Recorded data:
= Beginning of Section =

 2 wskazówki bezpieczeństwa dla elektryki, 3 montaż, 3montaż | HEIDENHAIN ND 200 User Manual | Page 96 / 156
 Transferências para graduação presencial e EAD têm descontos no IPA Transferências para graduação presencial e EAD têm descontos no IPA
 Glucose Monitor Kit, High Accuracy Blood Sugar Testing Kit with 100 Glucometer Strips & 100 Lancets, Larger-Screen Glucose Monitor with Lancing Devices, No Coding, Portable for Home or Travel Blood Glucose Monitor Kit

= End of Section =
= Beginning of Section =

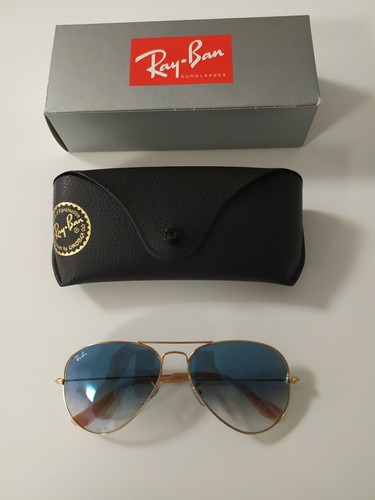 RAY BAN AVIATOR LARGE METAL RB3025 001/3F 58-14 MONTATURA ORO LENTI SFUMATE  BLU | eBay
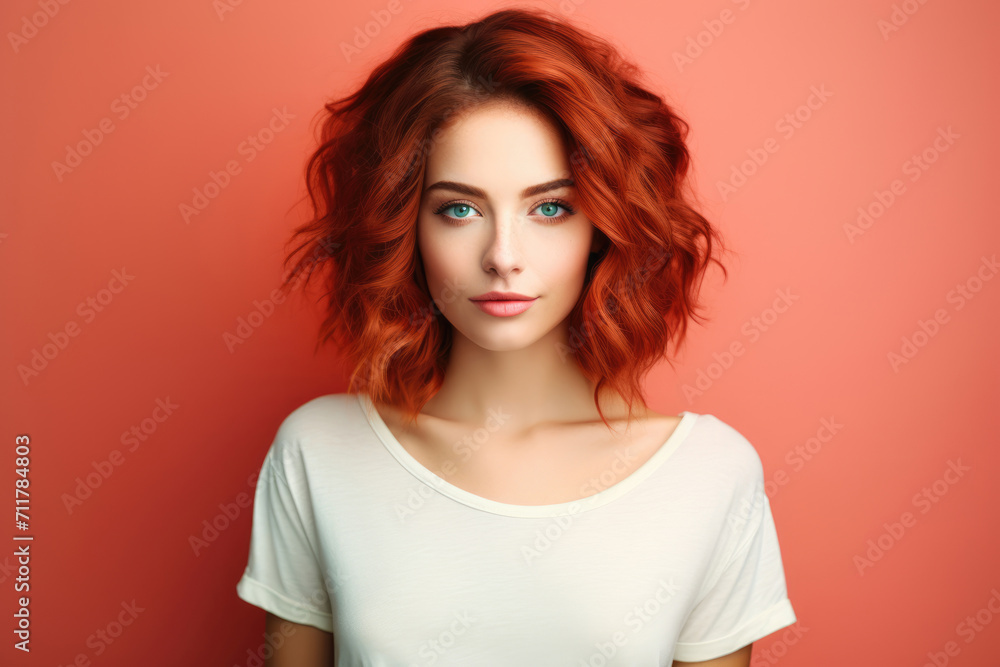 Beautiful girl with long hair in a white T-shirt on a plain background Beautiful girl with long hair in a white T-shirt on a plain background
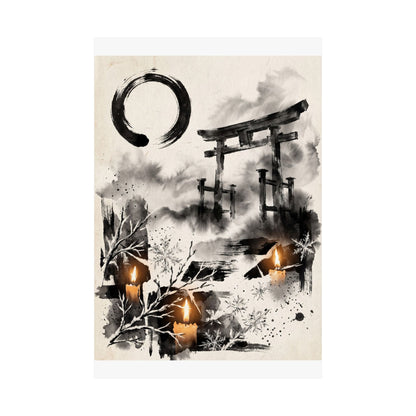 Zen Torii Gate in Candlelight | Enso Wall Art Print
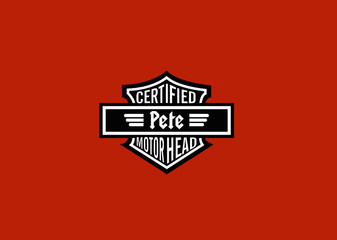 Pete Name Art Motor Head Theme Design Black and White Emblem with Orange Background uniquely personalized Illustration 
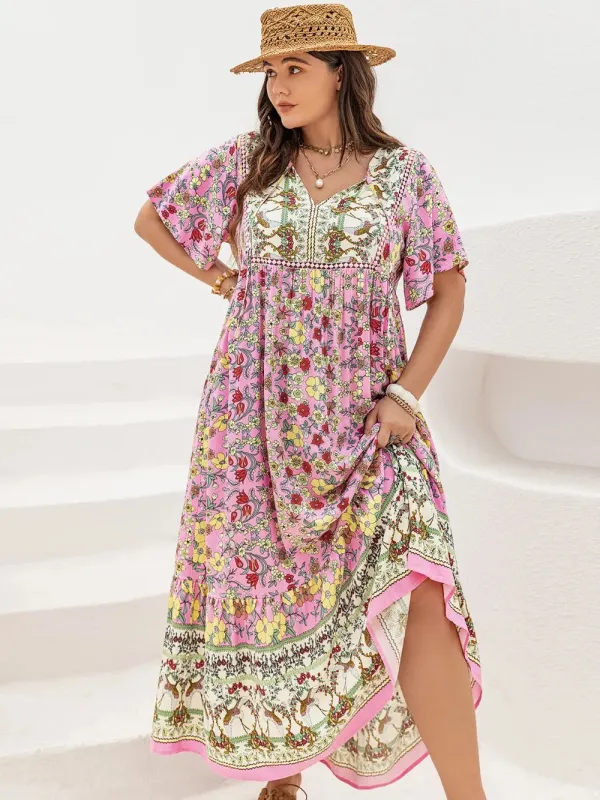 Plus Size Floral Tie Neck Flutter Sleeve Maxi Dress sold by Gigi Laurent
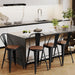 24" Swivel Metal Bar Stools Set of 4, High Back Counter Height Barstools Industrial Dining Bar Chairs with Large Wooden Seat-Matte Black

= End of Section =

Work required:
In the entries above, the lines from the one bearing "2 wskazówki bezpieczeństwa" up to and including the one bearing "no IPA Transferências" should be transcribed exactly; no other line is wanted.

Written answer:
 2 wskazówki bezpieczeństwa dla elektryki, 3 montaż, 3montaż | HEIDENHAIN ND 200 User Manual | Page 96 / 156
 Transferências para graduação presencial e EAD têm descontos no IPA Transferências para graduação presencial e EAD têm descontos no IPA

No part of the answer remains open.